Conflict Adaptation in Vision-Language Models
This work addresses the problem of understanding cognitive control mechanisms in AI models for researchers in cognitive science and AI, but it is incremental as it applies known human phenomena to VLMs.
The study investigated whether vision-language models (VLMs) exhibit conflict adaptation, a human cognitive control phenomenon, using a sequential Stroop task, finding that 12 of 13 VLMs showed behavior consistent with it, and identified task-relevant supernodes in InternVL 3.5 4B, with ablation of a conflict-modulated supernode increasing Stroop errors.
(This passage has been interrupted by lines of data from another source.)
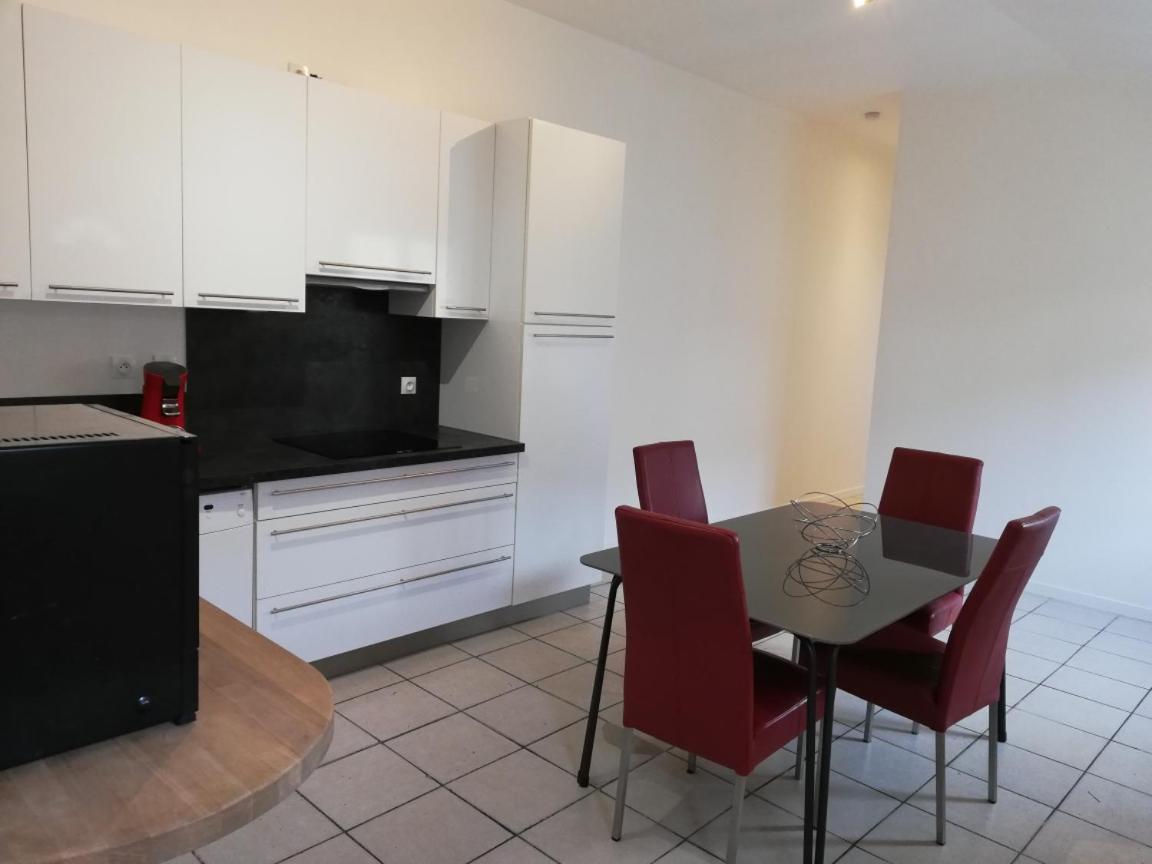 Logement Entier Au Calme Villers-Outreaux エクステリア 写真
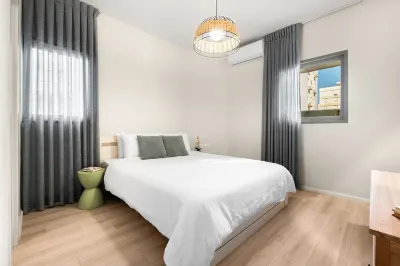 Netanya Beach & Pool Comfort Stay  호텔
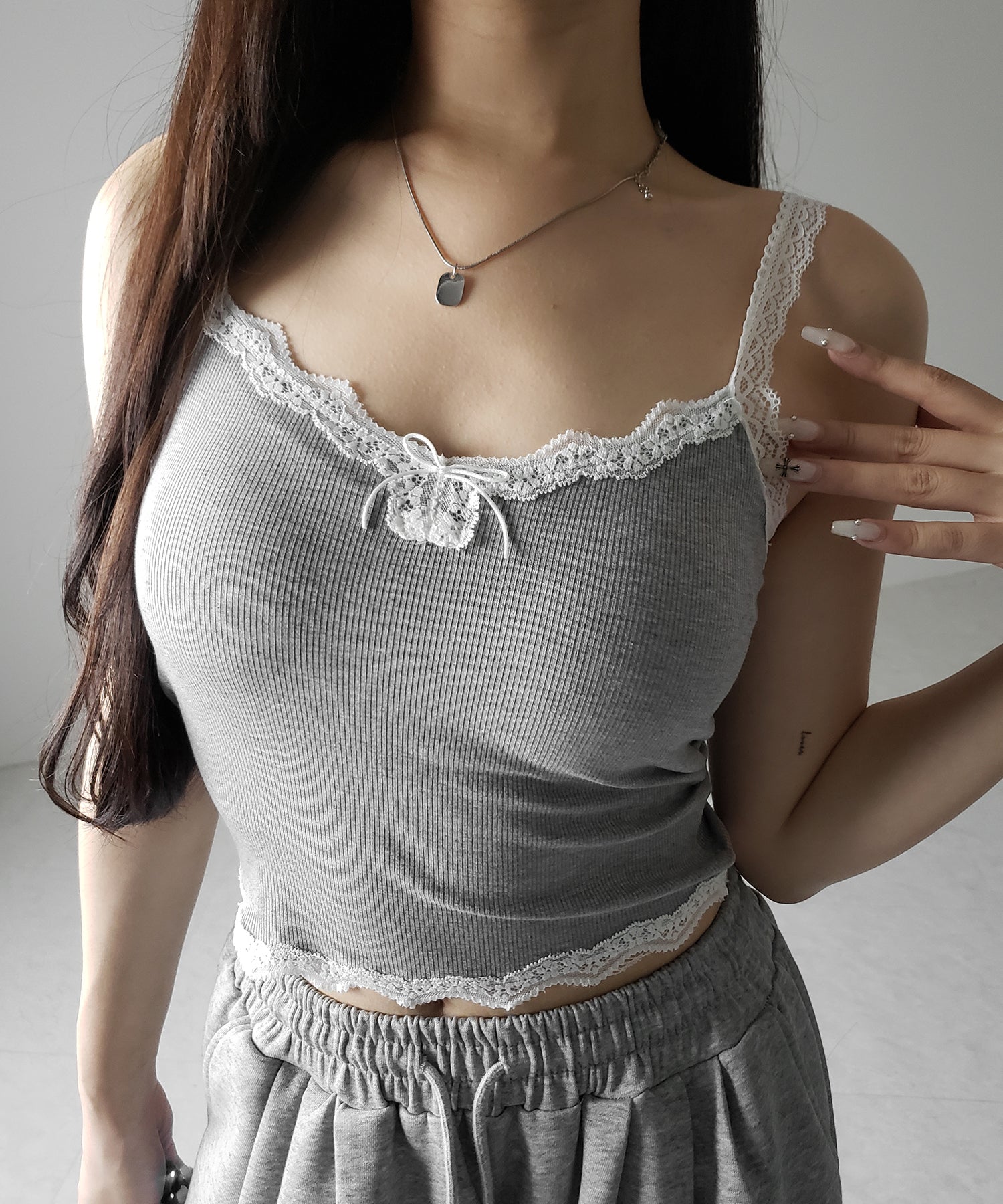 【 3color 】バイカラーレースクロップドリブキャミソール / bicolor lace cropped rib camisole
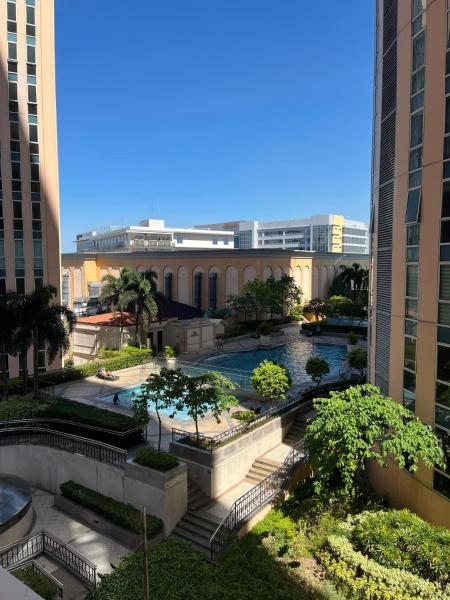 Cozy condo with balcony in Taguig, Rezervați  Hoteluri în Luzon cu piscină, Piscină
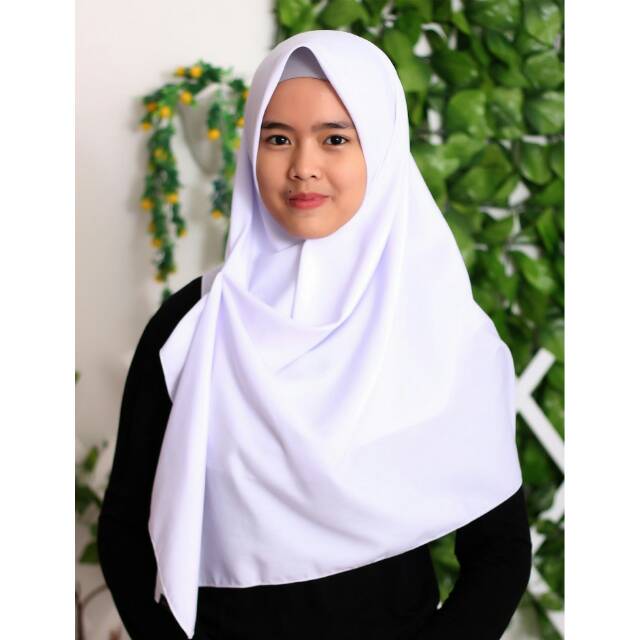 35 Ide Kerudung Segi Empat Putih Untuk Sekolah Tricia 35 Ide Kerudung Segi Empat Putih Untuk Sekolah Tricia
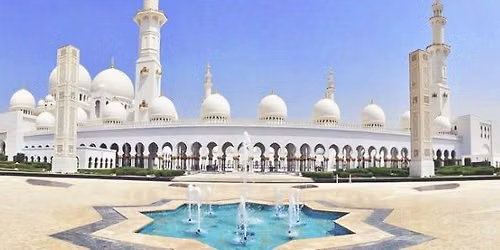 Dubai Dreams : A Luxurious Adventure \n\n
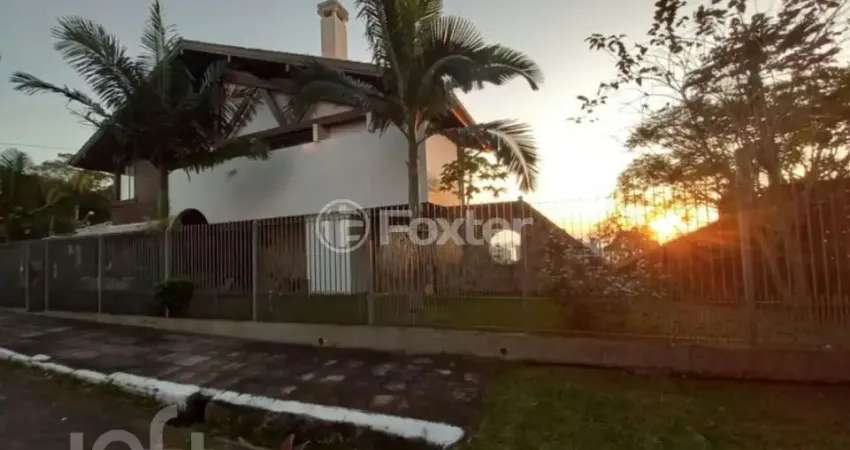 Casa com 5 quartos à venda na Rua Comandante Oscar Amarante Romaguera, 34, João Paulo, Florianópolis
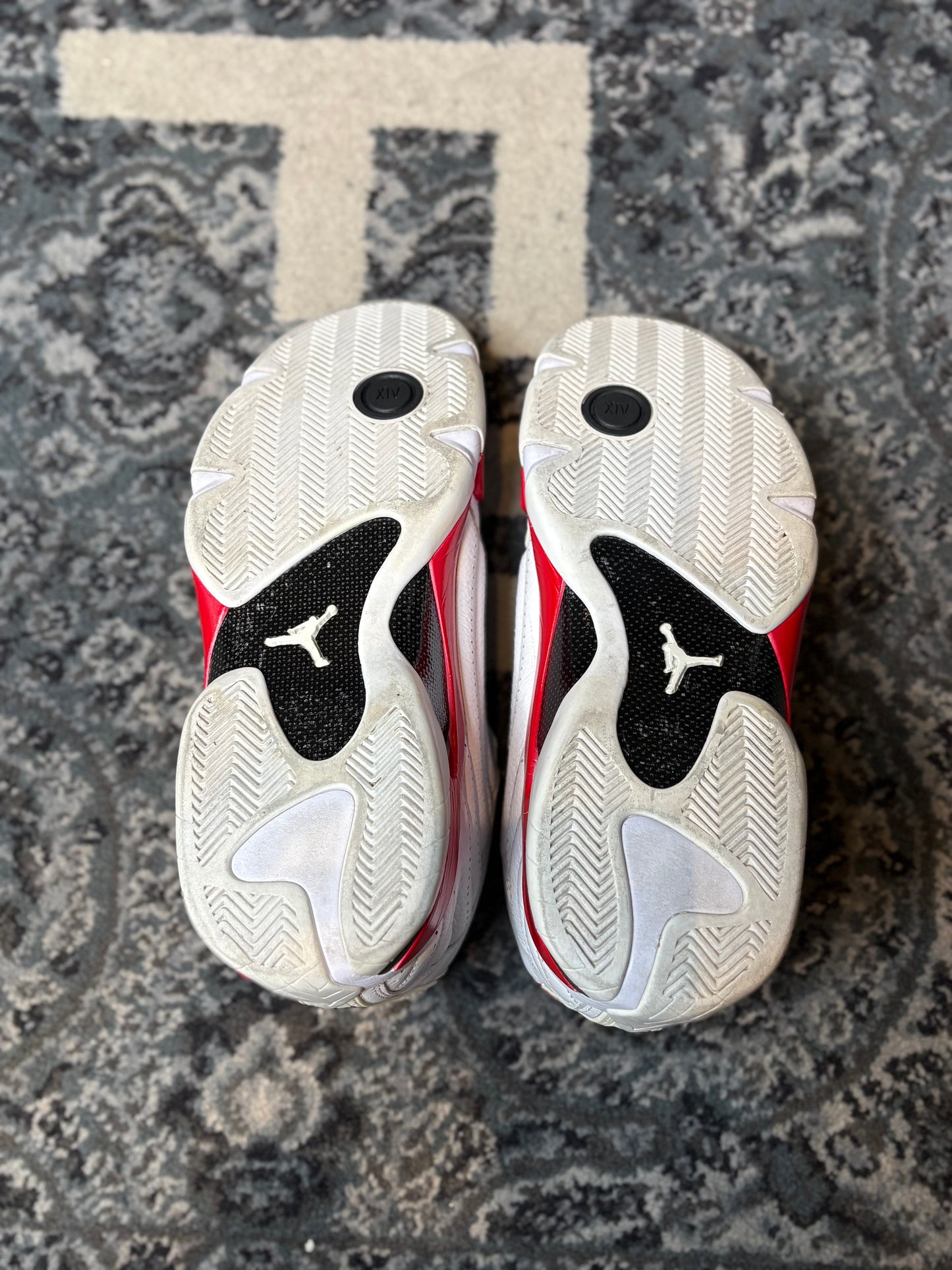 Jordan 14 Retro “Candy Cane” CLEAN NB SIZE 12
A signature of human cognitive control is conflict adaptation: improved performance on a high-conflict trial following another high-conflict trial. This phenomenon offers an account for how cognitive control, a scarce resource, is recruited. Using a sequential Stroop task, we find that 12 of 13 vision-language models (VLMs) tested exhibit behavior consistent with conflict adaptation, with the lone exception likely reflecting a ceiling effect. To understand the representational basis of this behavior, we use sparse autoencoders (SAEs) to identify task-relevant supernodes in InternVL 3.5 4B. Partially overlapping supernodes emerge for text and color in both early and late layers, and their relative sizes mirror the automaticity asymmetry between reading and color naming in humans. We further isolate a conflict-modulated supernode in layers 24-25 whose ablation significantly increases Stroop errors while minimally affecting congruent trials.